▸ **Crawled caption data**:
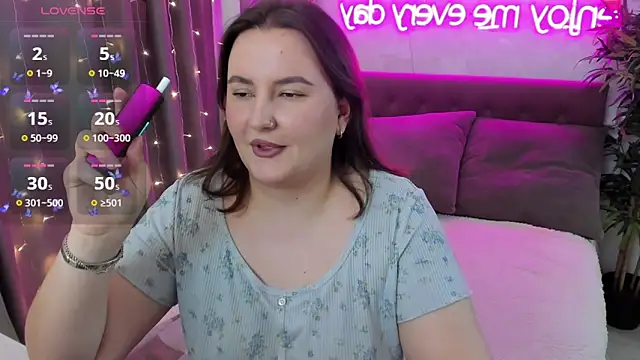 FeralPeach online show from 12-17-25, 05:46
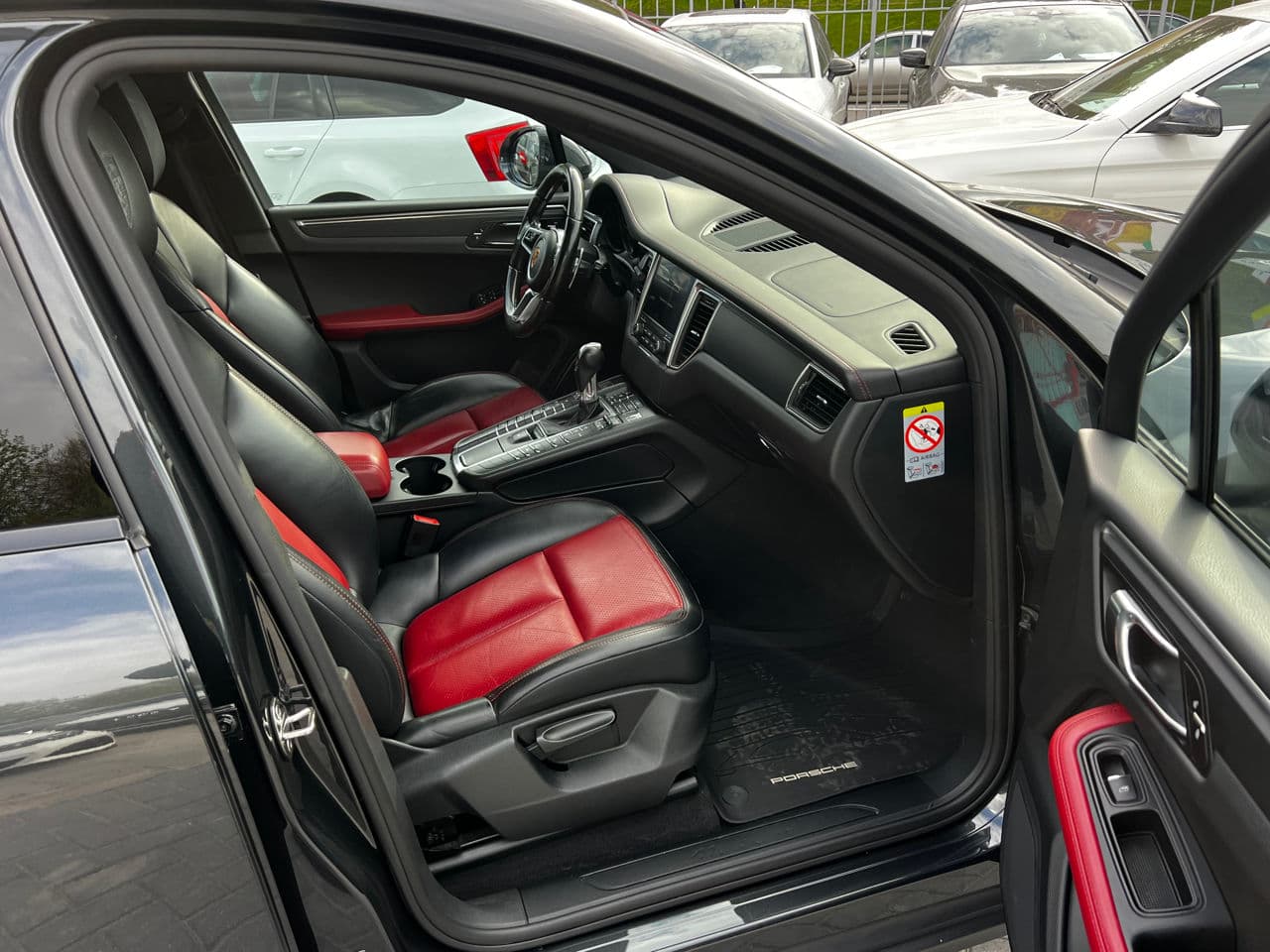 2017 Porsche Macan — Miniatură 14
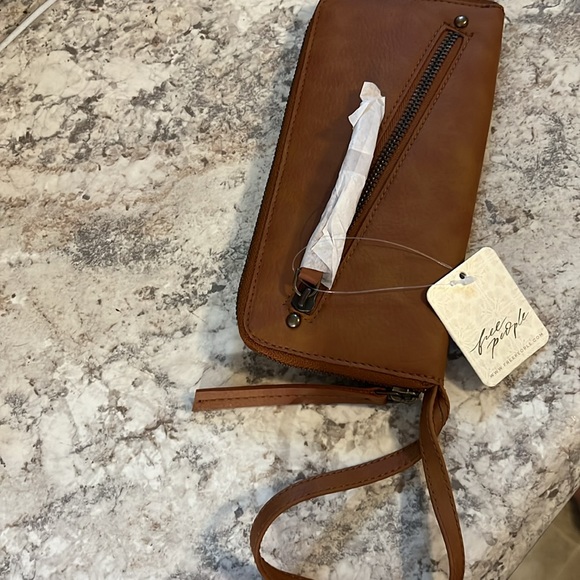 Free people wallet - Picture 3 of 10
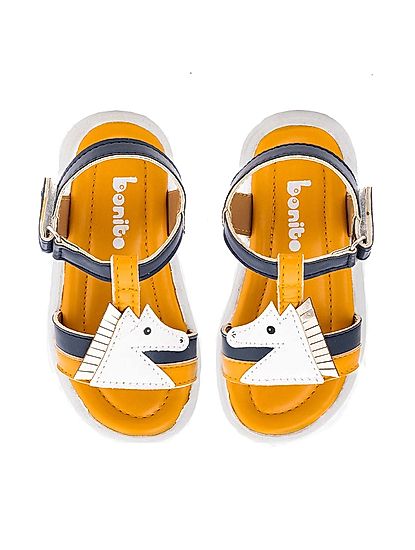 Girls Sandals - Upto 50% to 80% OFF on Sandals For Girls Online |  Flipkart.com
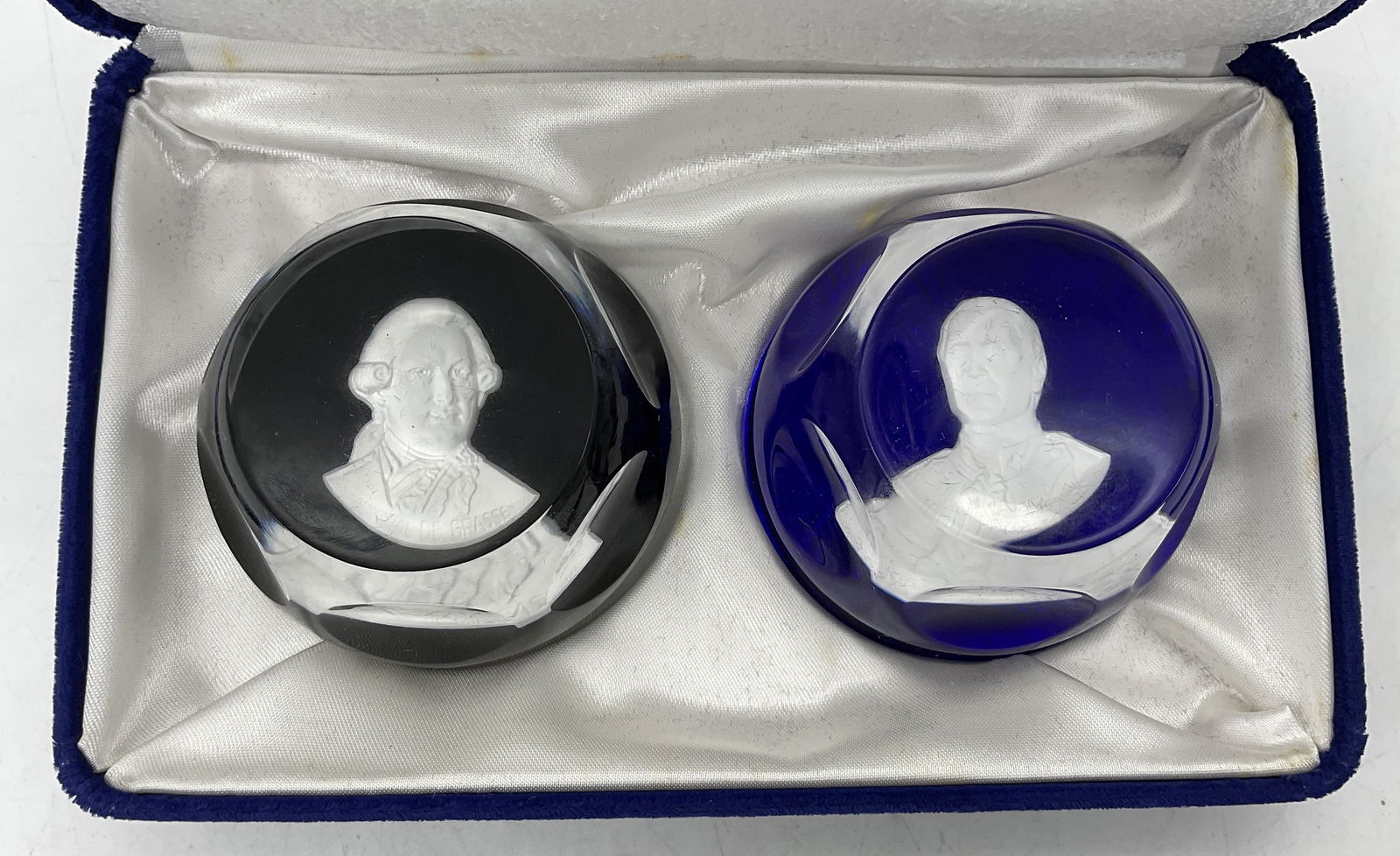 Lot 2 Vintage BACCARAT Crystal Paperweights (1 of 7)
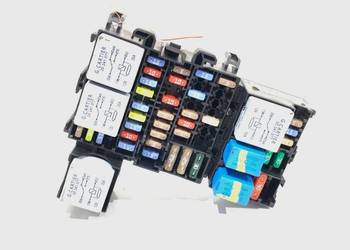 SKRZYNKA BEZPIECZNIKÓW RENAULT CLIO IV 240184574S Kombi 1.5 90KM MODUŁ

▸ **WORK ITEM**: Only the lines from the line holding "2017 Porsche Macan — Miniatură 14" through the last line above belong in the answer, repeated exactly; the pictures do not.

▸ **WRITTEN RESPONSE**:
 2017 Porsche Macan — Miniatură 14
 Free people wallet - Picture 3 of 10
 Girls Sandals - Upto 50% to 80% OFF on Sandals For Girls Online |  Flipkart.com
 Lot 2 Vintage BACCARAT Crystal Paperweights (1 of 7)
 SKRZYNKA BEZPIECZNIKÓW RENAULT CLIO IV 240184574S Kombi 1.5 90KM MODUŁ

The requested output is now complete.